Method	P12 AUROC	P19 AUROC	PAM Accuracy
Warpformer	83.4	88.8	94.3
mTAND	84.2	84.4	92.9
Raindrop	82.8	87.0	88.5
iTimER	85.1+	89.2+	95.0+

iTimER also achieves comprehensive improvements on interpolation and forecasting tasks.

Key Findings¶

Effectiveness of reconstruction error as a learning signal: removing pseudo-observation generation leads to a notable performance drop.
Wasserstein alignment is critical: it ensures pseudo-observations do not introduce distributional bias.
Task-agnostic pretraining: a single pretrained model transfers to classification, interpolation, and forecasting downstream tasks.

Highlights & Insights¶

The insight of "reconstruction error as signal" is particularly profound: extracting useful information from the model's own imperfections is a principle transferable to any self-supervised learning scenario.
Mixup-based pseudo-observation generation is more physically motivated than direct imputation or noise injection.
The Wasserstein distance is computed efficiently via the closed-form solution under Gaussian assumptions.

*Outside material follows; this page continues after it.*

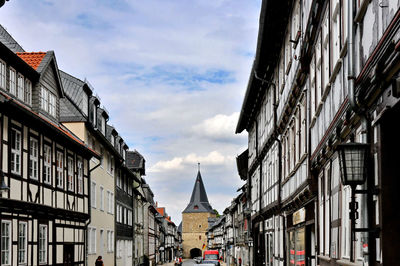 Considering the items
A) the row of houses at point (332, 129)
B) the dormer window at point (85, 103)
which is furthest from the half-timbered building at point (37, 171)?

Limitations & Future Work¶

The Gaussian assumption may not hold for all error distributions.
Using only the nearest observed value as the anchor may be insufficient for long-gap missing regions.

Rating¶

Novelty: ⭐⭐⭐⭐⭐ The core insight of treating reconstruction error as a learning signal is highly original.
Experimental Thoroughness: ⭐⭐⭐⭐ Validated across three task types and multiple datasets.
Writing Quality: ⭐⭐⭐⭐ Architecture diagrams are clear and the motivation is well-argued.
Value: ⭐⭐⭐⭐ Establishes a new paradigm for irregularly sampled time series representation learning.